At one white-tie affair, which Ted’s brother Bobby also attends, Mortimer Caplin compares the demeanor of the two Kennedy UVA alums. “The contrast was so dramatic. I mean Ted was the life of the party—singing, being the leader—and Bob was sitting there—thoughtful, quiet—and it stuck with me for a long time.”
When Ted invites Bobby to speak on the Charlottesville, Virginia, campus, Bobby first asks (allegedly on behalf of Rose), “what side of the court my brother is going to appear on when he gets out of law school, attorney or defendant.”
Bobby is referring to the speeding tickets—five of them—Ted has racked up during his time in Charlottesville. The most serious incident occurred in March 1958, when Ted was a twenty-six-year-old second-year student. That night Sheriff T. M. Whitten pursued a speeding car from the intersection of US 29 and US 250. “He cut his lights out on me and tried to outrun me,” Whitten recalls, before pulling into a driveway and “[getting] down in the front seat” to hide from the officer. Whitten arrests the man, who identifies himself as Edward M. Kennedy, and Ted is ultimately convicted of reckless driving and fined thirty-five dollars.
Ted can’t stay away from speed—or danger. Ted Sorensen recalls driving with then-undergraduate Ted from Cape Cod to Boston. “It was the first time in my young life that I realized when cars coming from the other direction blink their lights at you, it means there’s a trooper up ahead and you ought to slow down.”
During law school, Ted also earns his license to pilot single-engine airplanes.

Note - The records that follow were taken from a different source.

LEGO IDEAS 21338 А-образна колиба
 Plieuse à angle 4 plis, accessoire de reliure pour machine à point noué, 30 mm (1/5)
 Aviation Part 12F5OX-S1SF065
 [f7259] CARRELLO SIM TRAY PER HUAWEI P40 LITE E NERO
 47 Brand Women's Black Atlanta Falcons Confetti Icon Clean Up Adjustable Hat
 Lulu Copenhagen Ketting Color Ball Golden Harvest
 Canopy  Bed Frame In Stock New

It’s a two-hour drive on US 29 from Charlottesville to Bobby’s Hickory Hill estate in McLean—and an even faster trip by air. John Tunney recalls Ted turning what should have been a routine flight into a wild ride. “I’ve never been more terrified in my life as when we came into [Washington] National Airport and they told us to follow a Colonial airplane into the airport landing strip. I point up at the plane and said, ‘Ted, is that the one up there?’ He said, ‘I think that’s it.’ So that plane goes in and we start coming in after that plane. The ground controller said—I think we were in a Cessna, ‘Cessna, Cessna, get out of there, get out of there! Hard left!’ And so we take a hard left turn and I look behind me and there is a four-engine plane coming in. There was a United plane on our tail…We got out of the way, we landed, and then we flew back the next day.”